Les mains comme ondes de choc de l’esprit !

Quel plus beau chemin, quel plus beau projet qu’un rêve réalisé et partagé, que l’ ambition de « Vivre dans la marge plutôt que crever au milieu » ?

En novembre 2017, la ministre Alda Gréoli signait l’arrêt de mort du Poème 2.
Avec une violence inouïe, elle a supprimé les subsides du théâtre, tous les subsides, coupant brutalement les vivres au Poème 2. Un théâtre installé à la même adresse depuis plus de 50 ans. Un théâtre inventé par Monique Dorsel et Émile Lanc dès 1968. Et avant cela, dès 1962, les Jeunesses Poétiques.
Décembre 2018 : le Poème 2 n’a plus de personnel.Décembre 2018 : le Poème 2 n’a plus de subsides.
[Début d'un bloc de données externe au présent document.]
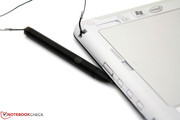 The stylus can be tethered but not stored. The stylus can be tethered but not stored.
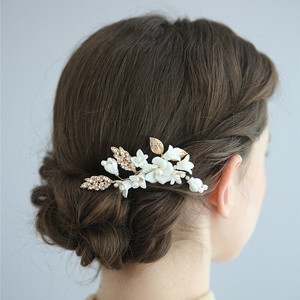 Wholesale Fashion Jewelry Set Ceramic Flower Wedding Headpiece <strong>Hair</strong> Accessories <strong>Bridal</strong> <strong>Hair</strong> <strong>Pins</strong> for Women - Product Image 4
Et pourtant, aujourd’hui, revenu à modeste meilleure fortune, le Poème 2 a un nouveau projet !

Ce lieu réinventé sera pour les mois à venir, un théâtre d’accueil pour les artistes qui ont fait les beaux soirs du lieu et pour de nouveaux venus.
Il n’est pas question de réduire la voilure sur le plan artistique. Au contraire, l’addition d’énergies renouvelées ne peut qu’amplifier le projet qui fonde ce théâtre à vocation littéraire.
Ici, les auteurs sont – et depuis toujours – véritablement – « au centre » et dans une somptueuse diversité.
Construire un avenir meilleur avec les éléments élargis du passé : tout est là pour transformer un désastre annoncé en un projet radieux !

Merci à Sébastien Romignon-Ercolini et à Michel Bernard de reprendre la barre et de relever le défi dans des conditions difficiles.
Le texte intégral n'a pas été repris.